Friday, December 19, 2008

Hermiting

I've been looking at other blogs, mostly knitting blogs, envious of other people's projects, or just their attractive and full blog pages, with people who follow them regularly. We all want to be stars. I read recently, on a blog of course, about the size of the internet, the sheer number of pages. Not only is there a page for every person alive, there's something like a thousand pages. Or four thousand pages. For every person. In the meanwhile I dream about having a theme, something to really bring this blog together. I could make a banner to fit the theme, design wallpaper. Themes turn random assortments of essays into books, themes turn diaries into real blogs, the kind with a "readership". But if I had a theme, then I'd have to start another blog where I could put the stuff that didn't fit into this one, and then I'd need another one after that. (And each blog would have it's duplicate on flickr, which would make six blogs total, just for me, which I suppose might be a bit excessive.) So I guess this will do. And you, dear reader, whoever you are, will be all I need.

I've been hermiting this last week. I haven't really seen or spoken to anyone. I graded a few assignments, slowly. I read Twilight, twice, out of what I like to say is simple curiosity about a wildly popular series, but is really an embarrassing desire for some kind of fantasy existence where I'm a high school girl who doesn't think she's pretty but boys line up to ask her out. Where I have a boyfriend who has lived 100 years but never fallen in love, can break trees in half, and would do anything to protect me. "I'm tired of trying to stay away from you," he says. The only thing the book is missing is a horse for her to love, preferably a ornery one that no one else will ride, but through patience, becomes her best friend.

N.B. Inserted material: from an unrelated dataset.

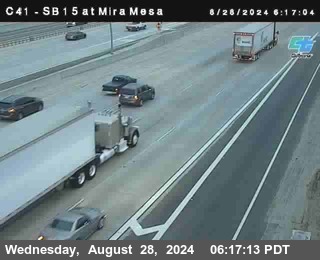 NB 15 at Mira Mesa Blvd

I spun about 400-500 yards of a beautiful spur-of-the-moment-purchase. I've been charting and recharting and trying to test a pattern to knit it up into, but I hate making tests and I hate swatching so I'm not sure I'll ever see this through. All my other projects have been equally non-committal. I have three ongoing ones that I can't manage to care about, even though I know I will deeply love each one when it's done. I complain about my hands being cold all the time but I won't pick up and finish my beautiful mittens. They're so fuzzy! I'd love fuzzy mittens, but they just sit there, not warm and cozy, but unfinished and frustrating.

I started going to the gym again, after a two week haitus. That was my biggest fear, that once I let myself stop, for any reason, I wouldn't ever start again. But I'm back, and it feels good, and I can use the excess body heat I've got afterwards to chip the ice off of my car instead of waiting until later when I'm cold and in a hurry. It was nearly 1/2 inch thick, and it looked like cracked planes of glass when it came off.